[WHAT TO WORK ON] Search term "Image": please copy every line of the records below that contains it.

Records from a collection:
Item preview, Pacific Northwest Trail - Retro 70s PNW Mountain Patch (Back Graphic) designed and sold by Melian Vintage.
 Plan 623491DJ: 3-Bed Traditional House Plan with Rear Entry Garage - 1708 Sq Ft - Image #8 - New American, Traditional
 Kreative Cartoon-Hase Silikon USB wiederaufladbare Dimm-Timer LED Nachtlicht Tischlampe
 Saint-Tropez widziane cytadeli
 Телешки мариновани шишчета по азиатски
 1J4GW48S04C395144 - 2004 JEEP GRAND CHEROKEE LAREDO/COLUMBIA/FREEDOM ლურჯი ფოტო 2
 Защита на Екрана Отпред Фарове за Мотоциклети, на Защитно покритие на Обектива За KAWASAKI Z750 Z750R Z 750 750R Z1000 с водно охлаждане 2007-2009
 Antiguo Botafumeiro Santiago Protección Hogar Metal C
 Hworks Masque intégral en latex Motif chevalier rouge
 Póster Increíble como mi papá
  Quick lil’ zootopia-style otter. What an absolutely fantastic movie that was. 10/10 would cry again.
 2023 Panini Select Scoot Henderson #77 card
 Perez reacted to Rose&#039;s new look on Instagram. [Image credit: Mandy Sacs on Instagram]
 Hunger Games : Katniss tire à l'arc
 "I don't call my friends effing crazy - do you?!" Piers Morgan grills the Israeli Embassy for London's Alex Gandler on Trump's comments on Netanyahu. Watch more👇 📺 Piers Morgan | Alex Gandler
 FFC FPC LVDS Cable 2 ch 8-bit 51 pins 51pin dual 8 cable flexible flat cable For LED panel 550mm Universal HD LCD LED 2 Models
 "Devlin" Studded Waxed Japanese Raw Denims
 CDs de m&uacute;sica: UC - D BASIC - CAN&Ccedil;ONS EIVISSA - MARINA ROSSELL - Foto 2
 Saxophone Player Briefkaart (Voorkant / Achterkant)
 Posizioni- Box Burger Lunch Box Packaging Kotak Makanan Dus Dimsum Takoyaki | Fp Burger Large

[OUTPUT OF THE EXERCISE]
 Plan 623491DJ: 3-Bed Traditional House Plan with Rear Entry Garage - 1708 Sq Ft - Image #8 - New American, Traditional
 Perez reacted to Rose&#039;s new look on Instagram. [Image credit: Mandy Sacs on Instagram]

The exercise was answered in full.